Chapter 07 of 11 · nano-vLLM Deep Dive
07

Prefix Caching

Why run prefill twice for the same tokens? Prefix caching identifies identical KV cache blocks by their content fingerprint and reuses them instantly — cutting TTFT to near-zero for repeated prompts.

← Ch06: Prefill vs Decode Next: Sampling →

The problem: redoing work you've already done

Every time a request arrives, the prefill phase → Ch.06 processes its input tokens — computing Key and Value vectors for each one and writing them to the KV cache → Ch.03. This is expensive. But what if two consecutive requests share the exact same first 2,000 tokens — a system prompt, say? Without prefix caching, you'd pay the full prefill cost twice, writing identical data into the cache twice. That's pure waste.

The Printed Exam Analogy Imagine a teacher who prints a 10-page exam for every student in a class of 100. The first 8 pages are identical for everyone — the instructions and the questions. Only the last 2 pages differ (different student names, different essay prompts). Without prefix caching, the teacher prints all 10 pages fresh for every student — 1,000 pages total, 800 of which are identical copies. With prefix caching, the teacher prints the first 8 pages once, photocopies them for everyone, and only prints the unique last 2 pages fresh per student. 800 pages of printing eliminated. That's prefix caching. The 8 shared pages are the system prompt. The unique 2 pages are each user's specific query. The photocopier is the KV cache block reuse mechanism.

Prefix caching is especially powerful in real deployments because shared content is extremely common. Every request in a chatbot shares the same system prompt. Every request in a RAG pipeline shares the same retrieved documents. Every turn in a multi-turn conversation shares all the prior turns. Across thousands of requests per second, the compute savings are enormous.

How prefix caching works — three building blocks

Prefix caching is built on top of PagedAttention's block structure → Ch.04. Because the KV cache is already divided into fixed-size blocks, and because each block holds exactly block_size tokens, it's natural to ask: "have I already computed the KV data for these exact tokens?" The answer is a hash lookup.

Building block 1 — Hash functions: turning content into a fingerprint

A hash function is a mathematical recipe that takes any input — a block of tokens, a document, a file — and produces a short, fixed-length string called a hash or fingerprint. Two critical properties make hashes useful for caching:

PROPERTY 1 — DETERMINISTIC

The same input always produces the same hash. Token sequence [849, 1495, 3283] will always hash to the same fingerprint — today, tomorrow, on any machine. This means if two requests contain identical token blocks, their hashes will be identical too, making the match detectable.

PROPERTY 2 — SENSITIVE

Change even one token and the hash changes completely. [849, 1495, 3284] produces an entirely different fingerprint from [849, 1495, 3283]. This means there are no false matches — if two blocks have the same hash, their token content is identical.

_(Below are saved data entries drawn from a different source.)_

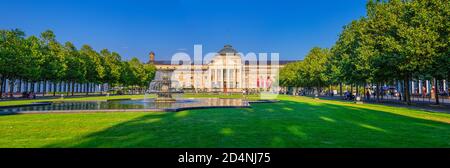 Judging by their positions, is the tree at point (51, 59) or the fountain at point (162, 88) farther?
the tree at point (51, 59)

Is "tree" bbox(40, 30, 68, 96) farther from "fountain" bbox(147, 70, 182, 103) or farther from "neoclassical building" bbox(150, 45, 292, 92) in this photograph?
"neoclassical building" bbox(150, 45, 292, 92)

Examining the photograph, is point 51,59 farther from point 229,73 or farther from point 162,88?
point 229,73

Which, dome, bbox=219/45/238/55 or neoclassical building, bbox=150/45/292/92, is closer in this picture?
neoclassical building, bbox=150/45/292/92

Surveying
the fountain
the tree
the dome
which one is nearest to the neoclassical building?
the dome

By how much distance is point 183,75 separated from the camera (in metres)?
167

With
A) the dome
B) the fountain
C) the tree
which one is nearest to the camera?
the fountain

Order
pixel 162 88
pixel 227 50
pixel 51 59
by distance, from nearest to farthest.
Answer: pixel 162 88, pixel 51 59, pixel 227 50

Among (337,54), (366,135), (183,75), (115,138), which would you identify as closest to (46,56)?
(337,54)

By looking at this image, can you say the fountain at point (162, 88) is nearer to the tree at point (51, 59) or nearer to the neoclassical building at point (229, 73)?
the tree at point (51, 59)

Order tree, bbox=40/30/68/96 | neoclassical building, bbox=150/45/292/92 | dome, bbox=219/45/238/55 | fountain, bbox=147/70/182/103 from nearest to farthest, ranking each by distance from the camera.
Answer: fountain, bbox=147/70/182/103
tree, bbox=40/30/68/96
neoclassical building, bbox=150/45/292/92
dome, bbox=219/45/238/55

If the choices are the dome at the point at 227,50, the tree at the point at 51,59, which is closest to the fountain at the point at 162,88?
the tree at the point at 51,59

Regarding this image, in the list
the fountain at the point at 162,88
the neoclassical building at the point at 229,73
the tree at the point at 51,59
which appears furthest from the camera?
the neoclassical building at the point at 229,73

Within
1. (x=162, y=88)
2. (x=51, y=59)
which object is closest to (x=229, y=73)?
(x=51, y=59) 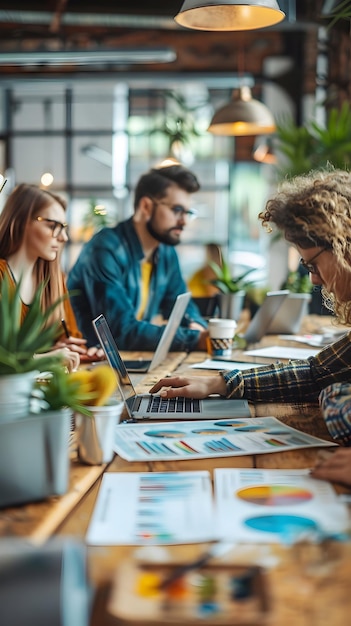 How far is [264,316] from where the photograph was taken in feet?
11.0

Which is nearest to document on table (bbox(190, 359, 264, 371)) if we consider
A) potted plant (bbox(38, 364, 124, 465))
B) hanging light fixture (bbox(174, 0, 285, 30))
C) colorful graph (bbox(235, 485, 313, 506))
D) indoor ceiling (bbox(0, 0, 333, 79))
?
hanging light fixture (bbox(174, 0, 285, 30))

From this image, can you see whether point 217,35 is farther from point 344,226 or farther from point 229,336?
point 344,226

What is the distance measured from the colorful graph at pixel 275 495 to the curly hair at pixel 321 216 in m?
0.78

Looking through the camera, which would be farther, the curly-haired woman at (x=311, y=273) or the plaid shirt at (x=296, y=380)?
the plaid shirt at (x=296, y=380)

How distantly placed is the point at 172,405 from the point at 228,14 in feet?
4.53

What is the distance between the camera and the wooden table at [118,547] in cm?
91

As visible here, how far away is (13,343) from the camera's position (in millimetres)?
1223

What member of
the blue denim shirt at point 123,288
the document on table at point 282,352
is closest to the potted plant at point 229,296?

The Barcode Analogy A hash is like a barcode. The barcode for "Campbell's Tomato Soup 400g" is always the same barcode. Two cans with the same barcode are the same product — guaranteed. Change any character in the product name and the barcode changes completely. The supermarket's inventory system uses barcodes to avoid re-reading product descriptions manually. nano-vLLM uses hashes to avoid re-running prefill for token blocks it has already processed.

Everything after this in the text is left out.